Ne, d’altronde non si potrebbe separare il percorso etico, artistico della Ciccarelli, del suo contesto umano, di un vissuto per l’arte in quanto tutto il suo percorso è “unicamente” e “solamente” innestato in quel suo fare “l’Arte” e non del fare “dell’Arte”, condizione primaria derivante da un rigorismo al limite dell’ossessione, della sua intrinseca esigenza morale percorrendo un viaggio nell’Arte che, pur venendo da lontano, per quanto la riguarda, inizia e finisce con lei, sino alla bocca dello stomaco sapendo con precisione sino dove andare, consapevolmente conscia del suo vitalissimo percorso.
Ne, in ogni sua opera, vi possono essere delle titubanze, dei ripensamenti in quanto vi è sempre costante una metamorfosi in cui le immagini emergono nel senso più disincantato senza limiti assumendo così quell’assoluto orgoglio così ricco di contenuti poetici di rara forza espressiva.

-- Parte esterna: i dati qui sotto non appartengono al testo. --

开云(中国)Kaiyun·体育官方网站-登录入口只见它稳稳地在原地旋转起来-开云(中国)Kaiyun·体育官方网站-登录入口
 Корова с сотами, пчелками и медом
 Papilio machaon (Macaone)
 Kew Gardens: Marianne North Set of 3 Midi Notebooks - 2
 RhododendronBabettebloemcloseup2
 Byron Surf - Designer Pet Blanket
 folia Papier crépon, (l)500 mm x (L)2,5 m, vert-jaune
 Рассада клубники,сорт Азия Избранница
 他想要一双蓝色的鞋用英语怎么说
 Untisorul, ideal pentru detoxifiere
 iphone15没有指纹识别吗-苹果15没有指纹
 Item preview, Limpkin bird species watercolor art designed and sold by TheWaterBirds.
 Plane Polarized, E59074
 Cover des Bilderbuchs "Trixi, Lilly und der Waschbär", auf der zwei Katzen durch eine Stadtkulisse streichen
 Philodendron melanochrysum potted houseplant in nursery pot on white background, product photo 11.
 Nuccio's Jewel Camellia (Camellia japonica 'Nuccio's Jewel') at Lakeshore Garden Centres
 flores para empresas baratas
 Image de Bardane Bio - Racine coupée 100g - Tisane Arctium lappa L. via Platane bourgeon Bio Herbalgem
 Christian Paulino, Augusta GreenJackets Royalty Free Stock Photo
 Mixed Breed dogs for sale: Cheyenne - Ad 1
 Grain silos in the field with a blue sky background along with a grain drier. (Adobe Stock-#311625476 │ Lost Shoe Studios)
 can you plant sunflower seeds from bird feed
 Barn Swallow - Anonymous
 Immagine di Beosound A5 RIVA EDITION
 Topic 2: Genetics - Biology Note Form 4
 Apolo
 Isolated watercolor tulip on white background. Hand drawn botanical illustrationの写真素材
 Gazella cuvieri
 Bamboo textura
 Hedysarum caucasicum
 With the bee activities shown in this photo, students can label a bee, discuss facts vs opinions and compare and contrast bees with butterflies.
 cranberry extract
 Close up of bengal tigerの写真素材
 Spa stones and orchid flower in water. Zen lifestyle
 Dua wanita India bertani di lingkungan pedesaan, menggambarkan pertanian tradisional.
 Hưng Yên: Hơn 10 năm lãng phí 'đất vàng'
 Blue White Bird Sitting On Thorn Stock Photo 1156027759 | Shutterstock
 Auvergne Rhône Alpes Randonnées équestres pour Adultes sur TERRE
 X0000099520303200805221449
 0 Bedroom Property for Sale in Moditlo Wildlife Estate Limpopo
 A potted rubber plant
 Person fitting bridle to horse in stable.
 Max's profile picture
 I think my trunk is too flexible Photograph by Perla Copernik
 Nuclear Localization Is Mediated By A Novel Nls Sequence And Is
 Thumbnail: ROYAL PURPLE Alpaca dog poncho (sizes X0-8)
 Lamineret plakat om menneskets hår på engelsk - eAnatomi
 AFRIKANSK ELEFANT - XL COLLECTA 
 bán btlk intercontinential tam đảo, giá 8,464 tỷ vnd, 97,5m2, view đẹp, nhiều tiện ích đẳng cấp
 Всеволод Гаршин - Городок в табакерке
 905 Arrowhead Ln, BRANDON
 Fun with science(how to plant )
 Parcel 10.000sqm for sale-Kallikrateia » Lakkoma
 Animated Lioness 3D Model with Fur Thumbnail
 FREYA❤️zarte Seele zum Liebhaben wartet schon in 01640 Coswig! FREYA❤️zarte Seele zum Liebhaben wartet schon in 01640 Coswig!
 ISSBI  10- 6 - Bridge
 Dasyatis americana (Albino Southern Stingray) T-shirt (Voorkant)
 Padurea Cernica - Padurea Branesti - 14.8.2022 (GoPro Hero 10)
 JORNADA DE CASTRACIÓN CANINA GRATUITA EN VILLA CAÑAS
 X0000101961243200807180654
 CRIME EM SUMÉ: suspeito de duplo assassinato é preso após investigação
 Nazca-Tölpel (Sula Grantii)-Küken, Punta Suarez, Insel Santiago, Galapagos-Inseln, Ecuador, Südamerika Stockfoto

Ecco, quindi, il suo “viaggio” attraverso il corpo umano (dico: solamente corpo) che si ribalta su di un piano armonicamente distribuito (una, due, tre forme) consapevolmente distribuito armonizzandosi con perfetto equilibrio in cui, tra un impasto di dolcissimi, suggestivi colori, pare udire il sussurro di un melodioso canto all’uomo con una sonorità di immagini come fili conduttori di un racconto distribuito in eleganti, nobili presenze provenienti dalla memoria di un vissuto presente e profondo in cui i significati assumono le dimensioni di immagini non più frammentarie, ma reali com’è vero e reale l’uomo, o donna rappresentata.
Non è mai un’alchimia del “voluto”, del fine a se stesso ma è sempre costantemente un inno alla gioia dell’Arte, del suo irraggiungibile mistero della contemplazione di un’Artista che osserva con indubitabile avidità sempre pronta a cogliere tutti gli aspetti più reali e, perché no, ludici con una materia diluita sino alla dissolvenza della sua corposità senza, peraltro, mai diventare opaca, meno luminescente di come l’ha intesa, voluta l’Artista; direi che ogni riferimento ad altre esperienze artistiche o ad altri Artisti sarebbe improprio perché la Ciccarelli si muove, opera, agisce in un contesto che le è proprio, solamente, unicamente suo tanto da credere, intuire ad altri e più convincenti sviluppi nel proseguo della sua intensissima “corsa” senza tempo verso il grande, irraggiungibile mistero dell’Arte specialmente di chi non ha mai “barato” verso se stessa, come ha sempre fatto la Marlisa Ciccarelli.